In a just world, Roman Polanski's film ''The Pianist'' should win the Academy award instead of the likely winners--''Chicago,'' a trashy, raunchy insult to my native city, or ''The Hours,'' which has great acting and soapy sentimentality.

 

Sadly, one cannot look to the Academy of Motion Pictures for justice, much less good taste. ''The Pianist'' is a masterpiece, perhaps the best film ever made about the Holocaust precisely because it is underplayed.

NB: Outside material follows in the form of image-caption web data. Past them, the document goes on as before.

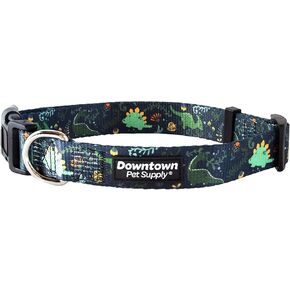 Downtown Pet Supply - Best & Fancy Dog Collar - Lightweight Adjustable with Quick Buckle & D-Ring - Hand Wash Safe - Donut - M - Medium in Kuwait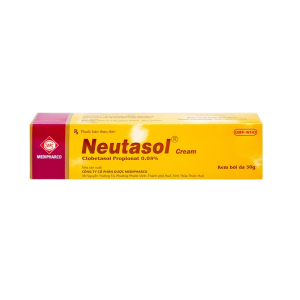 Trường Thọ - Kem bôi da Neutasol Medipharco điều trị chàm, liken, vảy nến, lupus ban đỏ (30g) 2 Trường Thọ - Neutasol1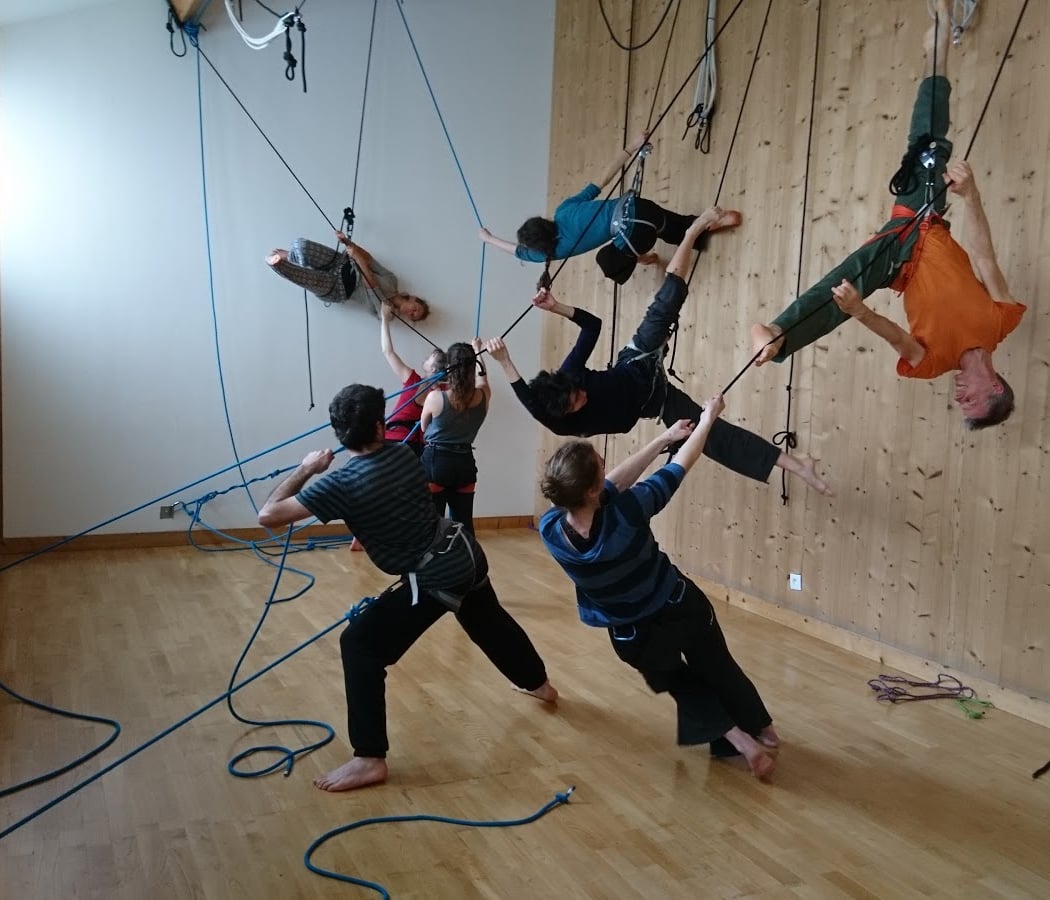 Compagnie Retouramont - Danse verticale 2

For me, the horror of German abuse of Jews was never more vivid than when a group of Germans stormed into an apartment, demanded that everyone stand, and then threw a man in a wheelchair out of the window to his death because he could not obey them. The rest of the Holocaust was that single hideous scene written large on 6 million people--not 6 million as a mass, but 6 million individual horrors and 6 million personal tragedies just like the old man in the wheel chair.

Polanski, himself a survivor of the Warsaw ghetto, is a cinematic genius, whatever his own personal problems might be. Yet the film has come under criticism from some Jewish critics, most notably in the Wall Street Journal.

In an op-ed article in the Journal, not normally a bastion of politically
correct thought, a critic argues that it is wrong to suggest that Wladyslaw Szpilman (the pianist) survived because he was helped by Polish Catholics--even though it is true that both he and Polanski were kept alive by Polish Catholics.

If the younger generation is to understand the horror of the Holocaust, they must not think that there were any good Poles. Nor must they know that Szpilman escaped because of the help of a Jewish traitor and survived at the end because of the help of a German captain. No ambiguity permitted. In other words, one should distort historical truth about Polish Catholics to make
propaganda.

No one can pretend that there was massive support for Jews in Poland at that time. Some were indifferent, others were delighted when they disappeared, still others were happy to cooperate in their extirpation. The clergy were for the most part intolerably indifferent. Yet a few Poles took care of Jews.

There is a serious social science literature--written mostly by Jewish
scholars--about the ''righteous Poles'' who protected Jews. The literature asks why some Poles risked their own lives that Jews might survive. The answer is that most of them were deeply religious men and women, though not pious in the traditional sense. I cannot believe that anyone would seriously propose that their bravery should be stricken from the historical record and swept under the carpet.

Knowing about the controversy before I saw the film, I was surprised. There was no hint that the righteous Poles were Catholics--no mention, as far as I can remember, of the word ''Catholic,'' no Catholic pictures on the walls, no statues of saints. Polanski did not make a big deal out of the Catholic help.
The righteous were simply decent people.

Then it dawned on me that if Polish Catholics were written out of the story, Szpilman would never have survived. Neither, for that matter, would Polanski. If all the Jews are in the ghetto and almost all on the outside are Catholics and by definition Catholics can't help unless the wrong impression is given, then who is there to help Szpilman and Polanski? The film could not be made. I gathered that for the Journal author, that would have been just fine.

I would like to suggest modestly that the men and women who have done the research on the ''righteous Poles,'' while politically incorrect, are morally correct because they search for truth instead of demanding that it be covered up. The Journal writer is immoral--profoundly immoral--because he believes that horrible memories cannot be kept alive unless you lie. His hatred for Catholics is so intense that he urges that the truth be suppressed. I wonder how much different he is from the Poles who hated Jews so much that they stood by silently and lied to themselves about what was really going on.

What happens when a later generation comes along and finds out the truth? Cover-ups, as the Catholic bishops recently learned, never work.

Nor is the cause of Jewish-Catholic relations well-served when such hatred is propounded by some Jewish people.